Eu sinto um vazio - sim, um grande vazio - quando você me olha e decide virar para o lado ou prefere não digitar nada, quando dá meia a volta e vai por outra rua, quando me olha desinteressado ou sem fluidez.
Eu sinto como se eu me jogasse dentro de um poço, prestes a ficar ali pelo resto da minha vida, porque parte de mim foi-se junto a você. Eu me perdi aí dentro e estou disposta a nunca mais achar a saída, porque eu não quero não ter nada que me ligue a você. Que seja um fio, uma carta, um telefone, um texto, um post-it, eu só quero algo que me faça ser sua. Sua até o mundo acabar, ou nossos corpos serem enterrados ou jogados ao mar. Eu confesso que o amor sempre me foi algo fantasioso, e achava que era como os dos contos de fada, achava que o amor não machucasse. Mas ele machuca sim, ele queima, ele nos mata às vezes. Se a gente deixar, ele no transforma em pessoas ruins. Mas não é isso, meu amor, não é isso que eu quero, nem desejo a nós.
Seu toque, seu perfume, seu cuidar faz com que eu me sinta viva e quando não tenho isso, eu morro. Eu morro sim, e me sinto fraca e frágil. Você me deixa forte, me faz ser uma muralha, e quando não está ao meu lado me sinto um gelo perto de uma lareira. Derretendo... sangrando... morrendo.

Como a gente luta assim? Como a gente vive assim? Deixando o orgulho ser maior? Deixando que ele nos mate, nos roube e nos faça desistir de alguém? Como podemos fazer ele ser menos protagonista de nossa história? Eu digo então "venha, fique, para sempre. Fique! Fique!" grito para o teto como se pudesse ouvir-me, pego a primeira coisa que me vem à mente e jogo contra a parede como se pudesse fazer o tempo parar... o trem parar...

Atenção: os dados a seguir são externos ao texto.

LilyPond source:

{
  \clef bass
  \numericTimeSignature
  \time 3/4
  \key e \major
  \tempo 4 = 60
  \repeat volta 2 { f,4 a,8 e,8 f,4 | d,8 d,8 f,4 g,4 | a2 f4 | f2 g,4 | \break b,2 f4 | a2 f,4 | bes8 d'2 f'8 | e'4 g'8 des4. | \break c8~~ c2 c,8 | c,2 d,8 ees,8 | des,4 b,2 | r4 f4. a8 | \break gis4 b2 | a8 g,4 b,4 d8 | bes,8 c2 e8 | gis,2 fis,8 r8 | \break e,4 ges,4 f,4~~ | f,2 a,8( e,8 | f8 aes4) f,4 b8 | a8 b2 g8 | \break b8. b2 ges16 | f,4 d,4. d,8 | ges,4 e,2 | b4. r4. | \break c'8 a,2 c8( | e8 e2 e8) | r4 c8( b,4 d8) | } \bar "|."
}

Sim, o trem que agora está levando você, para o outro lado do país agora mesmo, e que eu deixei que fosse, por ser egoísta e por achar que a gente iria se resolver aquele dia... mas se foram semanas. Eu olho para meu jeans rasgado e lembro de você tentando arrancar os fiozinhos soltos. Eu abro um sorriso pequeno, mas me vejo sentada no canto da sala, com minha dor indescritível, chorando há mais de uma semana, precisando de um carinho seu. Um abraço, um oi, ou um vai ficar tudo bem.

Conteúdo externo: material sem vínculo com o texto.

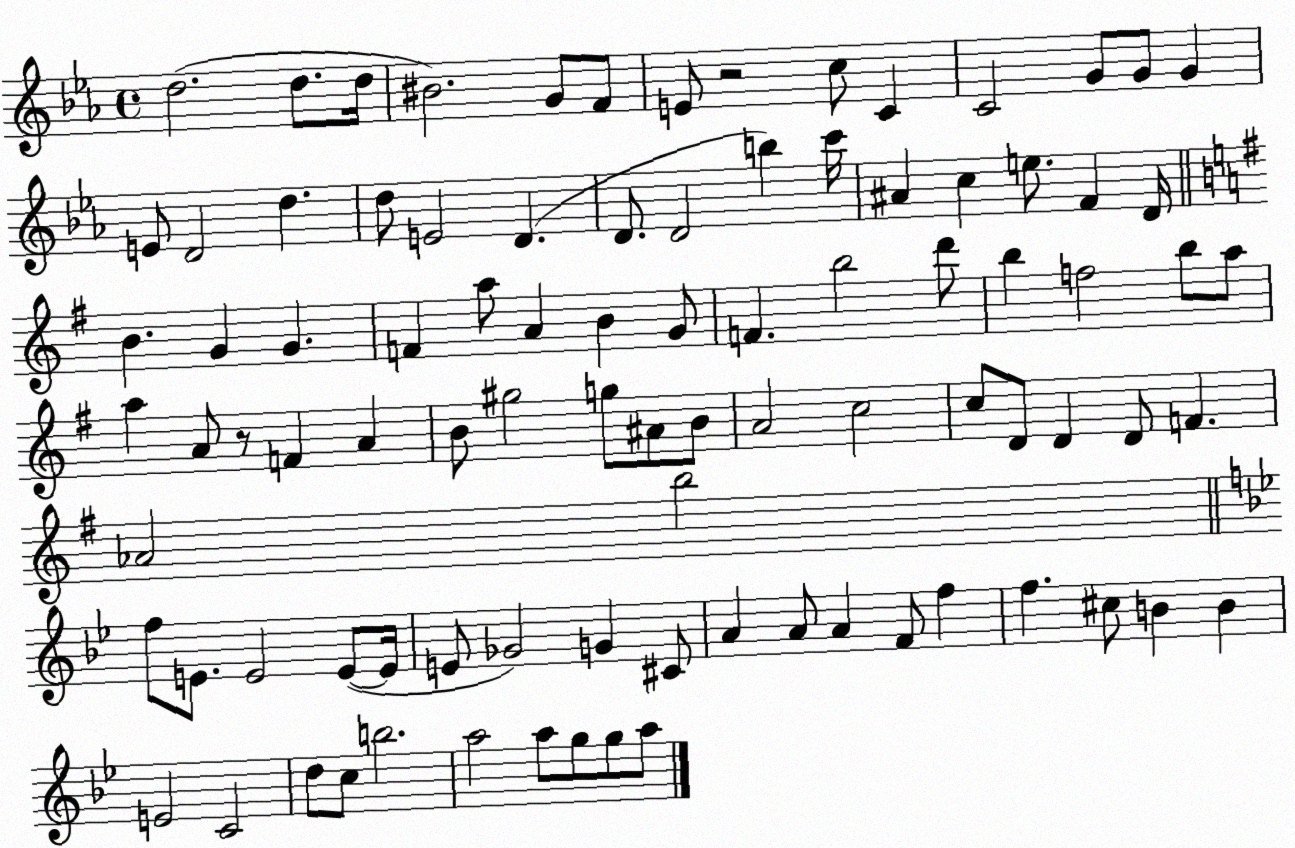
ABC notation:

X:1
T:Untitled
M:4/4
L:1/4
K:Eb
d2 d/2 d/4 ^B2 G/2 F/2 E/2 z2 c/2 C C2 G/2 G/2 G E/2 D2 d d/2 E2 D D/2 D2 b c'/4 ^A c e/2 F D/4 B G G F a/2 A B G/2 F b2 d'/2 b f2 b/2 a/2 a A/2 z/2 F A B/2 ^g2 g/2 ^A/2 B/2 A2 c2 c/2 D/2 D D/2 F _A2 b2 f/2 E/2 E2 E/2 E/4 E/2 _G2 G ^C/2 A A/2 A F/2 f f ^c/2 B B E2 C2 d/2 c/2 b2 a2 a/2 g/2 g/2 a/2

A verdade é que minha vida nunca mais foi a mesma, desde que você se foi, faz duas semanas que saiu por aquela porta, com suas bobagens no braço, levando consigo a melhor parte que havia em mim, assim que fechou a porta, eu senti uma pontada em meu coração como se me atirassem uma bala no peito, eu olhei para minhas mãos e haviam sangue, porque ardiam. Meu coração explodiu de tanto sofrimento, estou quebrada. E nesse momento, você está indo para o seu lugar. Para sua vida. Eu queria poder dizer para ficar. Seria estúpido da minha parte pegar o carro e ir lhe procurar?
Poderia ser.
Mas, eu fui. Peguei o carro, fui com a roupa do corpo. Dia frio, sem chuva e sem sol, estava simplesmente um dia feio. Com as mãos molhadas de minhas lágrimas, ia dirigindo até a estação onde você pegaria o trem, inútil tentar te ligar, não atenderia-me. Enquanto chorava, eu sorri. Como se estivesse indo atrás da minha alma, da minha própria vida, do meu verdadeiro ser. Você sempre foi bruto, mas meu amor, eu não me importo mais, o que mais quero é dizer-lhe para ficar. Só essa palavra já bastaria, já seria capaz de nos fazer feliz.

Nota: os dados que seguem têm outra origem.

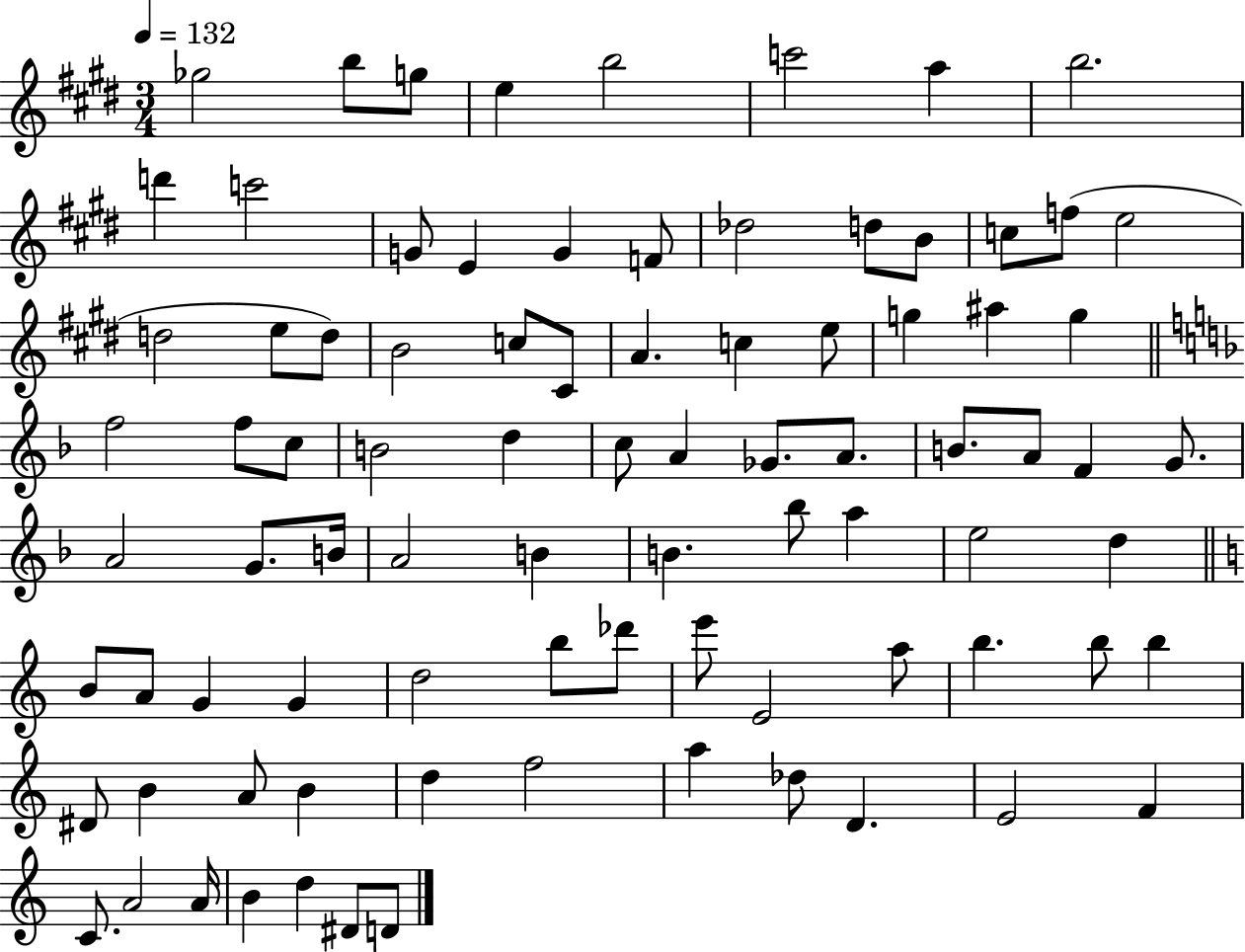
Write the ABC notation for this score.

Na estação, desci prontamente atrás de você, tropecei-me no asfalto e machuquei minha perna, ou foi mais do que isso? Há tanto sangue por aqui... minha visão foi escurecendo, mas eu pude ouvir uma voz familiar. Eu não ia aguentar, não caí e sim fui atropelada. Mas era você, vindo em minha direção quando me reconheceu. Murmurou-me algo, mas eu não escutei muito bem, em meio ao sangue eu peguei em sua mão e disse:
- Fique.

Acordei no dia seguinte na cama de um hospital, olhei para o lado e eu o vi dormindo desajeitado em uma pequena poltrona, olhei para meus pés e um deles estava engessado.
Eu me machuquei, mas consegui ir atrás de quem eu amo antes de ir para o outro lado do mundo. Mas, e você? Como tem feito com o orgulho? Tem deixado ele ser capaz de matar você e o seu amor? Ou tem feito como eu? A coragem é uma virtude, e quando se ama é preciso isso. É preciso muita coragem para poder ser feliz, para poder ter quem você ama ao seu lado! Nem sempre é fácil, pode ser que você se machuque assim como aconteceu comigo quando fui atropelada, mas quer saber? Valeu muito a pena.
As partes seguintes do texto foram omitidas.